Folio Touch, herhangi bir görevi tamamlamanıza yardımcı olmak için dört kullanım moduna sahiptir.

Yazı yazmayacağınız durumlarda, katlanabilir klavyeyi gerçek çizim ve görüntüleme modları için ortalıktan kaldırarak siz ve mükemmel iPad ekranınız arasında hiçbir şey olmamasını sağlayabilirsiniz.

Logitech Crayon

Logitech Crayon, işaretlemeyi, vurgulama hareketlerini, not almayı ve çizim yapmayı kolaylaştıran, ultra duyarlı ve hassas Apple Pencil teknolojisiyle çalışıyor. Normal bir kalem gibi Crayon’un eğimini dinamik olarak algılayan akıllı ucu, kalın ve ince çizgilerin kolayca çizilmesini sağlıyor.

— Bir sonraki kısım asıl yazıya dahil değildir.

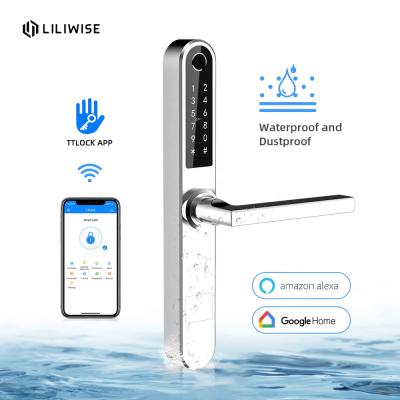 China Office Security Electronics And Tech Fingerprint Intelligent Smart Wifi Set Door Lock With Fingerprint for sale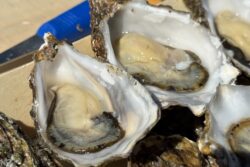 bbq oesters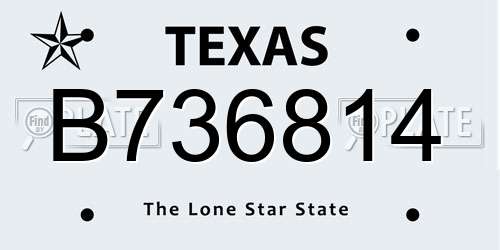 B736814 Texas License Plate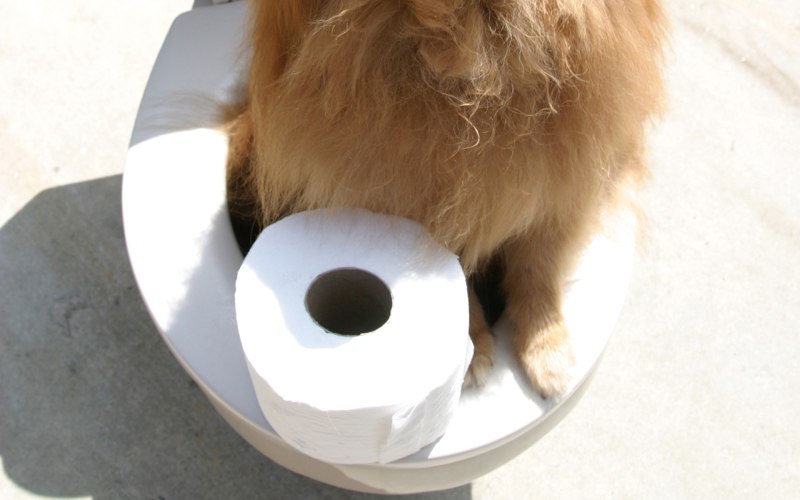 Dog Toilet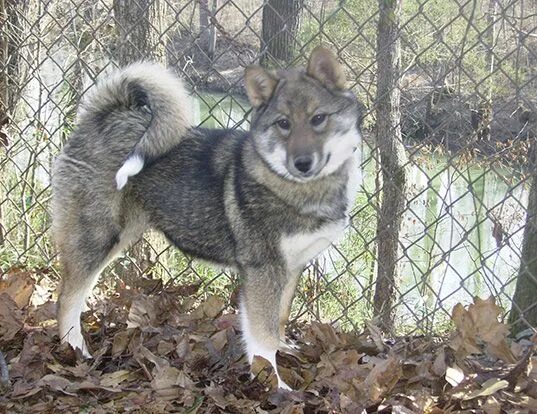 Image result for east siberian laika Dog breed art, Dog breeds, Every dog breed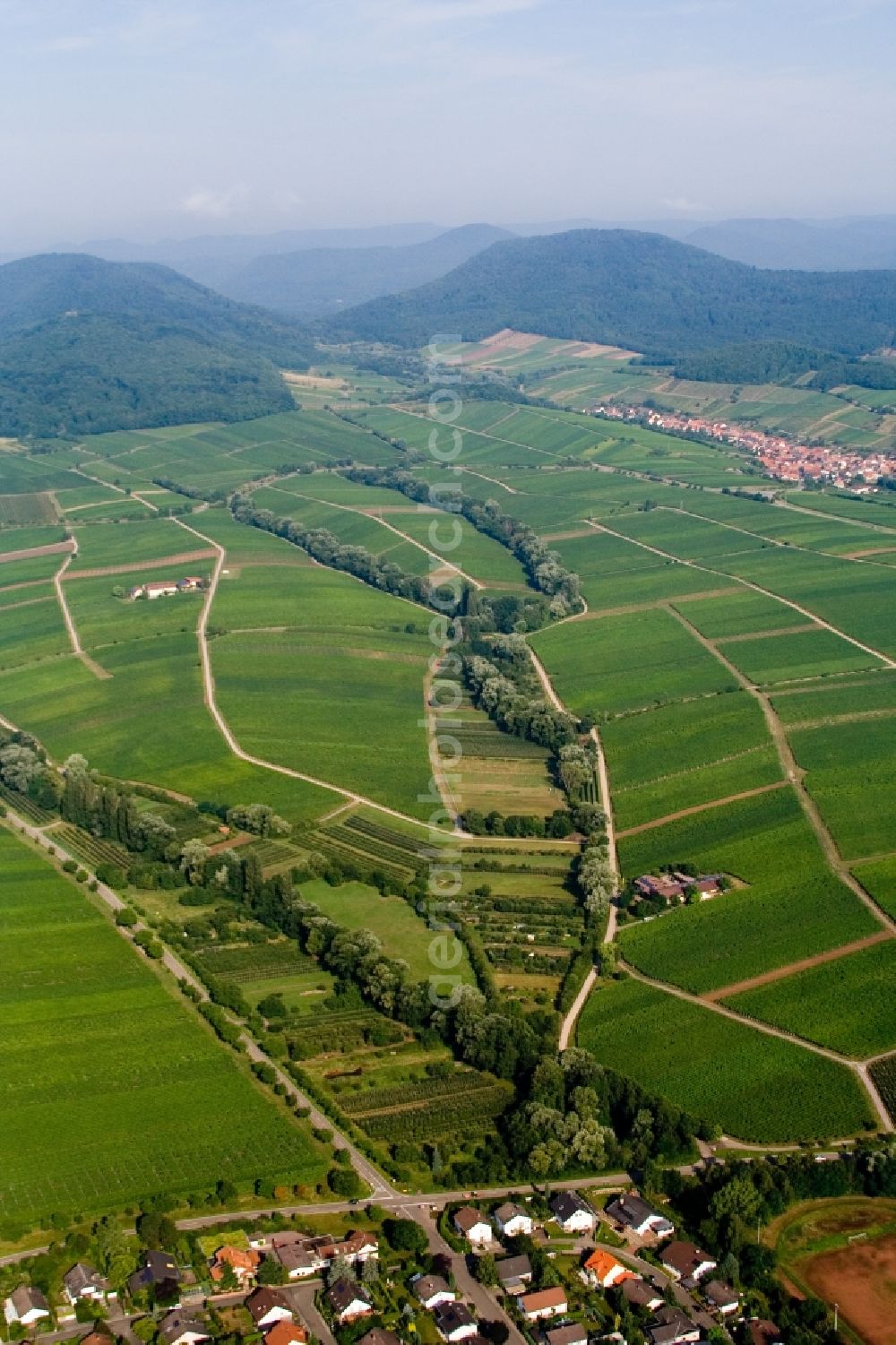 Aerial photograph Ilbesheim bei Landau in der Pfalz - Fields of wine cultivation landscape in Ilbesheim bei Landau in der Pfalz in the state Rhineland-Palatinate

Tam şarjla 7 saate kadar aktif yazma süresi sunan Logitech Crayon, üzerindeki tuşa basılıp açıldığında, bir daha eşleştirmeye gerek kalmadan iPad'e anında bağlanabiliyor.

Yaratıcılık ve öğrenmeyi mekândan bağımsız hale getiren kalem, küçük ellerle bile rahat tutulabilen tasarımıyla öne çıkıyor. Yuvarlanmayı önlemek için tasarlanan kolay tutulabilen düz bir yüzeye sahip ürün, konulduğu yüzeyde sabit kalarak çalışmayı ve odaklanmayı kolaylaştırıyor.

Dayanıklı tasarımıyla 1.20 metreden düşmelere karşı dayanıklı olan Crayon, kauçuk arka kapağı sayesinde ters kullanım sonucu ekranın çizilmesini engelliyor.

Kullanımı kalem ve kâğıt kadar kolay olan Logitech Crayon, Bluetooth  eşleştirmesine gerek olmadan çalışıyor.